3d effects using color were a very early use.  Peach dots in lamp light in dark recesses of caves create a stereopic effect causing space to fall back behind the dots.

These innovations weren't discoveries.
Even into the use of writing scribes thought the writing had agency itself.  That it did something.  Not unlike the artists I worked with who thought their pencils had pictures fall out of them.

If not personified not seen?  Do we have to find likeness to ourselves in some property to see a thing?

Is peripersonal space integral to religious thinking and fiction?  Extended "felt" spaces and environments both as displays and depth misread?

Reading facial expressions with saccadic motion is more a where function that leads to what function. you're looking at where the lines of the expression are, micro expression to micro expression.  Concerning where and what memory I'm not sure there's a clear distinction.

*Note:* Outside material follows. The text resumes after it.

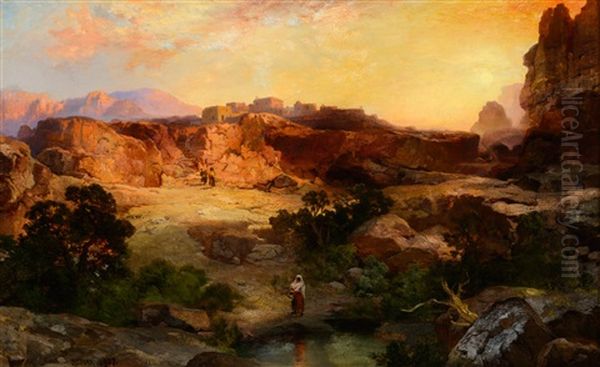 A Water Pocket, Northern Arizona Oil Painting by Thomas Moran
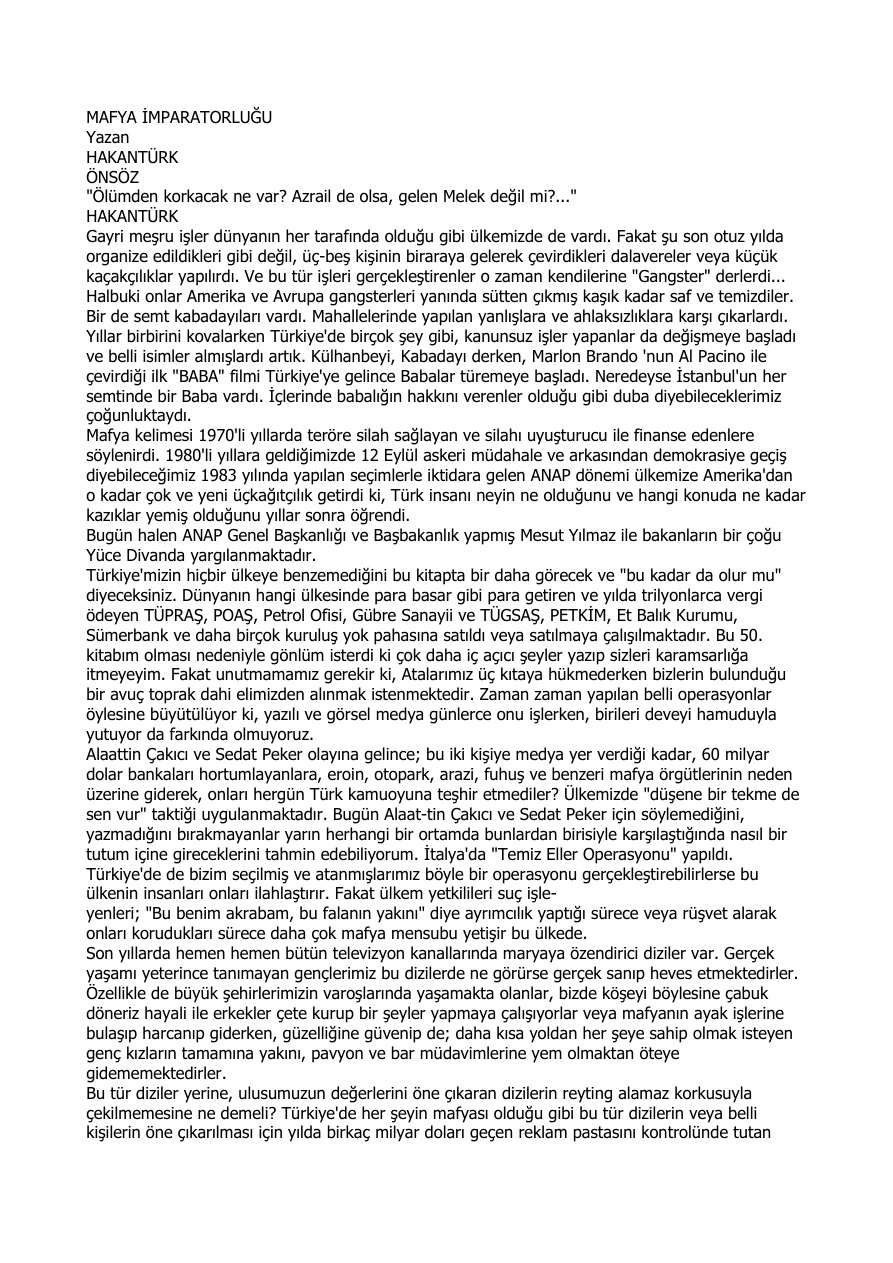 Mafya İmparatorluğu PDF – Hakan Türk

Considering what/where and saccadic motion. The motion and pivot of the eye give a reference point to the "where" function that seems to be primary in saccadic vision.   'If these angles are such here, then they make this pattern.  But with smooth pursuit coordinating the where needs different motion, largely taken up by the moving object.  'What, when, where?"

I still draw and my tongue navigates while my hand maps.  So while processing the differences from value scale to simulate form and depth as well as mapping shape, my tongue is often incorporated as a secondary mapper.  In a sense drawing on my lip.  Is this due to the proximity of the tongue to the fingers in somatosensory area one?  If so, is this using cross modal (taste, or language) processes like the kiki/bouba effect?  When I draw I am often aware I am "bouncing" information from my somatosensory system as a map for drawing (as opposed to what I am seeing).  That is, I am feeling my way through a drawing, and in a real experiential way, inhabiting the drawing (sometimes this leaks into the work and it will resemble me-also a known effect with animators who accidentally animate a portrait of their own motion in characters).  This "inhabiting" the drawing was the main reason I drew as a child.  At that time I was trying on the heroes I was drawing or entering places.

Is the tongue involved in this spatial mapping and agency projection as a supporting and sub map?



Metaphor is reading the overlapping somatosensory, interoceptive, and other experiential data.  Calling out the inferred feels of a sight, for example, and connecting it to a near cognitive pattern.  Like a boolean intersection.

Emotion is a way of creating external limbs


Grid cells and place cells for body in space and environment as a pattern.